Concerning the observation process, it is assumed that a part of state vector is directly observable; hence, observation equation is expressed as:

$$\varvec{y}_{k} = \varvec{Hz}_{k} + \varvec{w}_{k}$$

(5.9)

where \(\varvec{H}\) denotes a Boolean matrix of appropriate dimension which links the states of the system to observation process, and \(\varvec{w}_{k}\) denotes associated measurement noise.

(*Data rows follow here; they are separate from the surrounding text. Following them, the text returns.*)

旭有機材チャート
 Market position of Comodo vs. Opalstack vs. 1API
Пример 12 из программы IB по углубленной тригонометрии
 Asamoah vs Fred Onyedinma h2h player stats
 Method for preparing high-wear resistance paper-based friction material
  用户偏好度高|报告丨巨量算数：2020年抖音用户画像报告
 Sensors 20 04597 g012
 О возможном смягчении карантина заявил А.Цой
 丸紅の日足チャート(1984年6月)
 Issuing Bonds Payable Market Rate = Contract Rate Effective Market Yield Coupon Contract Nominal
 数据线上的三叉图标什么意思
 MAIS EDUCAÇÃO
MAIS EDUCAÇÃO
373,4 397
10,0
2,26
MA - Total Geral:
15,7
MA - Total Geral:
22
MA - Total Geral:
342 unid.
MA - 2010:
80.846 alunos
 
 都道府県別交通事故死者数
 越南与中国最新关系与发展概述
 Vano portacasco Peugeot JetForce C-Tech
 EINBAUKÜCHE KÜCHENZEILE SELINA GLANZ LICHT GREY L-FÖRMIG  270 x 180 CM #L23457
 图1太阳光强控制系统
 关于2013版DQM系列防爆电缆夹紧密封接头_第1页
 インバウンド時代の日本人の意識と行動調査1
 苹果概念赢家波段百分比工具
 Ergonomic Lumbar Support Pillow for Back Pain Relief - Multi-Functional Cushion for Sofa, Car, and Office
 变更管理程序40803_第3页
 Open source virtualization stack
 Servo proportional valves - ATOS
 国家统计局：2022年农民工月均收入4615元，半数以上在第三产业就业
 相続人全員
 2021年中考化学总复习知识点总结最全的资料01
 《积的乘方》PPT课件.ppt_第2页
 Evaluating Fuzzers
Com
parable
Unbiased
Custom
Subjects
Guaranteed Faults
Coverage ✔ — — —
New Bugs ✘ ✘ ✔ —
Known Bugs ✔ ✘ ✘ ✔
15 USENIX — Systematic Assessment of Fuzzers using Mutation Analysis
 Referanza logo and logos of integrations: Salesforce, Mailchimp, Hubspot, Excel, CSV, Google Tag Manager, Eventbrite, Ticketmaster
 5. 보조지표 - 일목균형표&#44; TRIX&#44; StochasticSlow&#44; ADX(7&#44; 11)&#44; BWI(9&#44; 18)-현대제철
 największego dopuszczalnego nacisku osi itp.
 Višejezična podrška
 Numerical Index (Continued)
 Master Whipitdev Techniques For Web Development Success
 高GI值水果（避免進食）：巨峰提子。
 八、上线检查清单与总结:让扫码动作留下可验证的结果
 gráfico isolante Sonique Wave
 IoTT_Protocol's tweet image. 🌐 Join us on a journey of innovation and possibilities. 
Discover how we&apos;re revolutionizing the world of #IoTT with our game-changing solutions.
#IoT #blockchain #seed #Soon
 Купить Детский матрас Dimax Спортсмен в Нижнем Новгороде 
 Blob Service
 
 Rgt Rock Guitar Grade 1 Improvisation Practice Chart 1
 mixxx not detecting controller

5.3 Reduced Order Modeling of Structural Systems

A detailed study of the application of POD for model order reduction of structural system has been presented in Chap. 3. However, to keep this chapter self-contained, in this Section, we review key features of the procedure. Let us assume that the displacement field \(\varvec{u} \in {\mathbb{R}}^{m}\) of the system can be written in a separable form, according to:

$$\varvec{u}(\varvec{x},t) = \sum\nolimits_{i = 1}^{m} {\varvec{\varphi }_{i} } (x)\alpha_{i} (t)$$

(5.10)

where \(\varvec{\varphi }_{i} (x)\) are a set of orthonormal vectors that satisfy proper orthogonal decomposition (POD) requirements and, \(\alpha_{i}\) are temporal functions. Dealing with structural problems with high dimensional state vectors, the main variation in the data is usually occurring in a rather small subspace; consequently, it is frequently possible to approximate the state of the system by keeping just a few, say \(l\) proper orthogonal modes, with \(l \ll m\):

$$\begin{aligned} \varvec{u}(\varvec{x},t) \approx & \sum\nolimits_{i = 1}^{m} {\varvec{\varphi }_{i} } (x)\alpha_{i} (t) \\ = & \,\varvec{\varPhi}_{l} \,\varvec{\alpha}\\ \end{aligned}$$

(5.11)

where \(\varvec{\varPhi}_{l}\) denotes the matrix containing the retained \(l\) POMs of the system.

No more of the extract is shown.